Why should they worry? Garthwaite keeps cows in production for eight to 12

years, two to three times longer than most dairies. Their food is raised

without chemical fertilizers, herbicides, pesticides and genetically

modified organisms. Garthwaite doesn't use antibiotics or bovine growth

hormones (rbGH) to artificially boost milk production.

Claravale Farm cows produce great-tasting milk not only because they get

good care but also because they're Jerseys. The breed is more intelligent,

smaller (about 600 to 900 pounds each) and easier to work with than other

breeds. But most important, Jerseys produce superior milk, with higher

butterfat, protein and milk sugar content as well as the distinctive

off-white color. (The white milk that most of us drink comes from Holsteins,

a high-yielding, large-size breed that typically weighs about 1,500 pounds

at maturity.)

Additionally, the milking process is handled with great care. The tidy

milking, bottling and storage facilities are housed in one small building.
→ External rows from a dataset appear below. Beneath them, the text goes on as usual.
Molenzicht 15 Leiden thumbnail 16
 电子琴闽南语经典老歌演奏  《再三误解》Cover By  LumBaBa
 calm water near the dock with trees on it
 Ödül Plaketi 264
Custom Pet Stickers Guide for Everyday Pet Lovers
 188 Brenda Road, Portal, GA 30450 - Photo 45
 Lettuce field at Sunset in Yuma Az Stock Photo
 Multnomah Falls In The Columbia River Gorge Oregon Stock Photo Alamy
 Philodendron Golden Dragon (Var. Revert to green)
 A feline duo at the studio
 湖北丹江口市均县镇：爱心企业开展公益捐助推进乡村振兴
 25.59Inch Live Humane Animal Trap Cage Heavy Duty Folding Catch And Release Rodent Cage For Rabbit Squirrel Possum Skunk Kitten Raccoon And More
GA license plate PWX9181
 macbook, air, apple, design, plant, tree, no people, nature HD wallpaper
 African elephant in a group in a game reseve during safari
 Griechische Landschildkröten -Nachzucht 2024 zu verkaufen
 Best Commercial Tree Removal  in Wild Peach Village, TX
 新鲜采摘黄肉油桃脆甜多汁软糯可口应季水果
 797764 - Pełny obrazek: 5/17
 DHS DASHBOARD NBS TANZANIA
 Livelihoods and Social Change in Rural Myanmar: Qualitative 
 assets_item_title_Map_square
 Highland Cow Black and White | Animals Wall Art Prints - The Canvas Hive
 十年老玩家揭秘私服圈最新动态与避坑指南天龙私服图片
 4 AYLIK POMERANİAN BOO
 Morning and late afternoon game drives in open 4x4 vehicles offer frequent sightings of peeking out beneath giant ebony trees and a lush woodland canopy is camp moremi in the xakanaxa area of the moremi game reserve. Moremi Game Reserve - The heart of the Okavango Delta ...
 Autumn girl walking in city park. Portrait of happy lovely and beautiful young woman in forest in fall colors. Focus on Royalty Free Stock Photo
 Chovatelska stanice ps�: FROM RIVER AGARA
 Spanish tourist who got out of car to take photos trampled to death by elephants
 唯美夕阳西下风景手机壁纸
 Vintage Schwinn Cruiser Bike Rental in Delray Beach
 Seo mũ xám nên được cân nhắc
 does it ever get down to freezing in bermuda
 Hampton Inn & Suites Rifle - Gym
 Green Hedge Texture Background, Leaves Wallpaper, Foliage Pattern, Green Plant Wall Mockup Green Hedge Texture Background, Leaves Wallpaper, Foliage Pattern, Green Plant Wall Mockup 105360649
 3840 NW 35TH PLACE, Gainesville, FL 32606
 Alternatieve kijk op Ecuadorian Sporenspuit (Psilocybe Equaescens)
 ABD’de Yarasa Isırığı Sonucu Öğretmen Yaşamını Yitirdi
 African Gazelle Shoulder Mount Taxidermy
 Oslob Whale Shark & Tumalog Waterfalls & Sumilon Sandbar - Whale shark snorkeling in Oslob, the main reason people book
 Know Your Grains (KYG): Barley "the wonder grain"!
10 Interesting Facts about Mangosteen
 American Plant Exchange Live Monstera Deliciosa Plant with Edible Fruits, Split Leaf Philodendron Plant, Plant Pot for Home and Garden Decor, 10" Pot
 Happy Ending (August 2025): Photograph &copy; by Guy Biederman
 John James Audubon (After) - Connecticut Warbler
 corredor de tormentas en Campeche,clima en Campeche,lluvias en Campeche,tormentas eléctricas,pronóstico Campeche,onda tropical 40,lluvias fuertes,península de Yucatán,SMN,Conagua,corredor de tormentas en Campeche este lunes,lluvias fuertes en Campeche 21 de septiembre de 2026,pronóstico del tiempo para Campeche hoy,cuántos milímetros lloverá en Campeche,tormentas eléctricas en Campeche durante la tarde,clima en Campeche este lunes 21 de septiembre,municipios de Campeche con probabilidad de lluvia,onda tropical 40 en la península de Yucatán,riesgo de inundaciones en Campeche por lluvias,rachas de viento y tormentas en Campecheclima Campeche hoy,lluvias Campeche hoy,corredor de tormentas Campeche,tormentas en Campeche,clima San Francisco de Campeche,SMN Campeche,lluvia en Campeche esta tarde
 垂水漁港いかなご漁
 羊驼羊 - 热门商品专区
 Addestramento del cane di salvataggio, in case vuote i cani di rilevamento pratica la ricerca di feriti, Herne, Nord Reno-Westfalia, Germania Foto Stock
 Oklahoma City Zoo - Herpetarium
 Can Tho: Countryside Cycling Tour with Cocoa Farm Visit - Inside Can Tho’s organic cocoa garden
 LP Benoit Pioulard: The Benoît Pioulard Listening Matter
From the milking parlor, the milk travels to an adjoining room where it is

quickly cooled in a stainless-steel tank. The milk is bottled manually and

taken to a refrigerated storage room about 20 feet away.

Garthwaite and two employees make sure that milking occurs twice a day,

every day of the year. The daily average yield is only 125 gallons, and that

s fine with Garthwaite. He wants to keep his operation small to maintain his

high standards and traditional approaches. Plans for expansion include

growing the milking herd to 50 cows (the optimal size for a small,

old-fashioned dairy) and starting a similar size herd for cheese making.

Once or twice a week, Garthwaite's two independent distributors pick up milk

to deliver to markets in the greater Bay Area and in Los Angeles and Orange

counties. Because raw milk is not pasteurized, it has a very limited shelf

life and must be quickly taken to market. Cooling the milk as fast as

possible, storing it cool and transporting it cool are keys to ensuring its

freshness and integrity.

Garthwaite's commitment to producing delicious, unadulterated milk is

apparent in every bottle. And he plans to keep it that way.